BEGIN

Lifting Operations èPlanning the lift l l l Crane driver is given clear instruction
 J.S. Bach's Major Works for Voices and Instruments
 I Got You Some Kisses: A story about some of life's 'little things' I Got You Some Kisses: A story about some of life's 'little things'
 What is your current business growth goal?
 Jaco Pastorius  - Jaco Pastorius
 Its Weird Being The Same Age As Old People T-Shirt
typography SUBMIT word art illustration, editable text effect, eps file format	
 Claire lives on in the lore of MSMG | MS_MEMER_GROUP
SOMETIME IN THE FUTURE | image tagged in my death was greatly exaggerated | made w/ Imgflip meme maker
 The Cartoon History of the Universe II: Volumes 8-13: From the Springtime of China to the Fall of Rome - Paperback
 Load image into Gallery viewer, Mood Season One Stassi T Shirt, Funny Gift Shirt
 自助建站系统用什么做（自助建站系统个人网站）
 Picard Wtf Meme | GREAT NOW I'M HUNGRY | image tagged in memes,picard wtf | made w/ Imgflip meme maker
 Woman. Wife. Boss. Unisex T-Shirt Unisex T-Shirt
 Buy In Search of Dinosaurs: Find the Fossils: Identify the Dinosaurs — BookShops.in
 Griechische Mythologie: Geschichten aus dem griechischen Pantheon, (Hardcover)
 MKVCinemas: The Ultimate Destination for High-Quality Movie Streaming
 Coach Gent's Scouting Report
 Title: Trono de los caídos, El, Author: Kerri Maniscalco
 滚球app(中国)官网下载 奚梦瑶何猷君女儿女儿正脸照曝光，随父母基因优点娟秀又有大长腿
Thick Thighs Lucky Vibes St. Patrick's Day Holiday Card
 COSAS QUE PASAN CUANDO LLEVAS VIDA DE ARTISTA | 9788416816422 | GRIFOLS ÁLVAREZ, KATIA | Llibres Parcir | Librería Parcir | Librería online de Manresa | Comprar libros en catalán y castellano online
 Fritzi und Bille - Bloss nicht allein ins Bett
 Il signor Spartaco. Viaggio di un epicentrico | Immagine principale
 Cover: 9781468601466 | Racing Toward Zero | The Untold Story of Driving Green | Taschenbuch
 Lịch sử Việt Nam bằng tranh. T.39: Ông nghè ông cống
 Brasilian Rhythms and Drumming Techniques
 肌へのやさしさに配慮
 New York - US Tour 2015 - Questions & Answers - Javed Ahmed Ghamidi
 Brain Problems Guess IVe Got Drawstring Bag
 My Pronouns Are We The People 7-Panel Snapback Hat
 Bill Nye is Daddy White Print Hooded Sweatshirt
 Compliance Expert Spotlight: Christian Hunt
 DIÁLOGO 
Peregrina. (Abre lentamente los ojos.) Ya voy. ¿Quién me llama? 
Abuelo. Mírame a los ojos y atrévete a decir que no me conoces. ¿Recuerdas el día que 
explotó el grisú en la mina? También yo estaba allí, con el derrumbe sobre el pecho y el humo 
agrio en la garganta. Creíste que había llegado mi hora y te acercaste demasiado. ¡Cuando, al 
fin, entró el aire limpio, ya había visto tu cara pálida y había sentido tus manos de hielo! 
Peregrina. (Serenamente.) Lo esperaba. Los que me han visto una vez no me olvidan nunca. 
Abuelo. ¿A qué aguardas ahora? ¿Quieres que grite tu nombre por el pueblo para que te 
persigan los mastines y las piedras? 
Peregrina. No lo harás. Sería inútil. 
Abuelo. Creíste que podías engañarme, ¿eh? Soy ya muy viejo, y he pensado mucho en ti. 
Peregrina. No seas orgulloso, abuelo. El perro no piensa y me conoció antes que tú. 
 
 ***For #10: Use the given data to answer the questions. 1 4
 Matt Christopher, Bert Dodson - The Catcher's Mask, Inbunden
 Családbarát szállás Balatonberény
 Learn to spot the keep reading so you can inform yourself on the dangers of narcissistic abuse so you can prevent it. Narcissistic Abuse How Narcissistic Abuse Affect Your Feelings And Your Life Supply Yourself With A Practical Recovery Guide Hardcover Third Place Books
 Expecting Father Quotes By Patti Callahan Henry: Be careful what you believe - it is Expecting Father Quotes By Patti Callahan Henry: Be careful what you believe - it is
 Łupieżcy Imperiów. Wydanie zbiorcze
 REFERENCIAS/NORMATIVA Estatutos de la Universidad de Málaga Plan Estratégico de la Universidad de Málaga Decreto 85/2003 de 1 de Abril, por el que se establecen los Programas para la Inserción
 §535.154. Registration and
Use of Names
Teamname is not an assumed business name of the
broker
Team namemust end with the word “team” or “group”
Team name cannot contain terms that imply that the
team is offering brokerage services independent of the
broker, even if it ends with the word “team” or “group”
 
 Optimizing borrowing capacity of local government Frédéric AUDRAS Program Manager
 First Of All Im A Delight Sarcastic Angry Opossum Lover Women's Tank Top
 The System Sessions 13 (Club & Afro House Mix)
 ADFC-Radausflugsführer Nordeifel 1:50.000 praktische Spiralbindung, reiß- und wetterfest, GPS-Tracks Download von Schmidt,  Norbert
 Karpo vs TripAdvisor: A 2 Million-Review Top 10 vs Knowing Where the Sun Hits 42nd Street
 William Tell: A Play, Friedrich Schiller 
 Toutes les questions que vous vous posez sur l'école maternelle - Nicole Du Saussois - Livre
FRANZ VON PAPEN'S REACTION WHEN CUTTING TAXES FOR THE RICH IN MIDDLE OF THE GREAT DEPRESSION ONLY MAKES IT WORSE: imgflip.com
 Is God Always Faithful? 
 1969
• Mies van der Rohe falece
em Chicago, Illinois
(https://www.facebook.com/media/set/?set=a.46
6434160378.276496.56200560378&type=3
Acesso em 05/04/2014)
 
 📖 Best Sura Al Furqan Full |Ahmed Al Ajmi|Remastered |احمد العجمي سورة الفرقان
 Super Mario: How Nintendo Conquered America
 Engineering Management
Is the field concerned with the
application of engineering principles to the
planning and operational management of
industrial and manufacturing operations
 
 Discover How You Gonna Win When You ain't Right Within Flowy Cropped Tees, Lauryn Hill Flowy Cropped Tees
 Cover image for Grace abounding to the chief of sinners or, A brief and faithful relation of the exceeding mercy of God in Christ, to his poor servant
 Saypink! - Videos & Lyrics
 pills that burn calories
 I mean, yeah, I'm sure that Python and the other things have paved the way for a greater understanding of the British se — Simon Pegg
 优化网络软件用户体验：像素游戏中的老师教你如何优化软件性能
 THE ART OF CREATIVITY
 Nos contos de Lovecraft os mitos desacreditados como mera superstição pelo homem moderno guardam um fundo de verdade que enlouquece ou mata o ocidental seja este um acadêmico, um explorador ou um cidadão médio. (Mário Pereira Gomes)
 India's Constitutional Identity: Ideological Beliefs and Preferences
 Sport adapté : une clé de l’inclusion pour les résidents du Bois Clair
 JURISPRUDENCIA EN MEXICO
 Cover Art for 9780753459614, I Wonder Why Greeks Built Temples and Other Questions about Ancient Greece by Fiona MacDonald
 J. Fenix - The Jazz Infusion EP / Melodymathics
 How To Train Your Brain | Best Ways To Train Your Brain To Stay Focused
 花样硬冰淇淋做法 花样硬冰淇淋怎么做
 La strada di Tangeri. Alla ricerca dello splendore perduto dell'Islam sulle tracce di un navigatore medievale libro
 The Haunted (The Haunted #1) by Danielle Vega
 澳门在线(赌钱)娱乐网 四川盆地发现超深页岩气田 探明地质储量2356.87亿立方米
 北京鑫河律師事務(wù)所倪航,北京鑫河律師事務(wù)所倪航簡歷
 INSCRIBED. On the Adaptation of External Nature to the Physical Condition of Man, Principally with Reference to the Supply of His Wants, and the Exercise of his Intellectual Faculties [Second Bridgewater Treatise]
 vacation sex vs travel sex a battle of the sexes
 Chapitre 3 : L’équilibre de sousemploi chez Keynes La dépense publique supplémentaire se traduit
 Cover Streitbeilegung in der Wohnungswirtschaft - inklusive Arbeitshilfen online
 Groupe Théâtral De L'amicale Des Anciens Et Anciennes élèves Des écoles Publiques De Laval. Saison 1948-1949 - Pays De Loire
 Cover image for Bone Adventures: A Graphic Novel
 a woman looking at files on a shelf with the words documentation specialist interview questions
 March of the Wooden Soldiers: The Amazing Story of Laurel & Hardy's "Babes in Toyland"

END

ACTION ITEM: Everything starting at the line containing "Saypink! - Videos & Lyrics" and ending at the line containing "Cover Streitbeilegung in" in the records above should be repeated exactly, and only that.

WRITTEN ANSWER:
 Saypink! - Videos & Lyrics
 pills that burn calories
 I mean, yeah, I'm sure that Python and the other things have paved the way for a greater understanding of the British se — Simon Pegg
 优化网络软件用户体验：像素游戏中的老师教你如何优化软件性能
 THE ART OF CREATIVITY
 Nos contos de Lovecraft os mitos desacreditados como mera superstição pelo homem moderno guardam um fundo de verdade que enlouquece ou mata o ocidental seja este um acadêmico, um explorador ou um cidadão médio. (Mário Pereira Gomes)
 India's Constitutional Identity: Ideological Beliefs and Preferences
 Sport adapté : une clé de l’inclusion pour les résidents du Bois Clair
 JURISPRUDENCIA EN MEXICO
 Cover Art for 9780753459614, I Wonder Why Greeks Built Temples and Other Questions about Ancient Greece by Fiona MacDonald
 J. Fenix - The Jazz Infusion EP / Melodymathics
 How To Train Your Brain | Best Ways To Train Your Brain To Stay Focused
 花样硬冰淇淋做法 花样硬冰淇淋怎么做
 La strada di Tangeri. Alla ricerca dello splendore perduto dell'Islam sulle tracce di un navigatore medievale libro
 The Haunted (The Haunted #1) by Danielle Vega
 澳门在线(赌钱)娱乐网 四川盆地发现超深页岩气田 探明地质储量2356.87亿立方米
 北京鑫河律師事務(wù)所倪航,北京鑫河律師事務(wù)所倪航簡歷
 INSCRIBED. On the Adaptation of External Nature to the Physical Condition of Man, Principally with Reference to the Supply of His Wants, and the Exercise of his Intellectual Faculties [Second Bridgewater Treatise]
 vacation sex vs travel sex a battle of the sexes
 Chapitre 3 : L’équilibre de sousemploi chez Keynes La dépense publique supplémentaire se traduit
 Cover Streitbeilegung in der Wohnungswirtschaft - inklusive Arbeitshilfen online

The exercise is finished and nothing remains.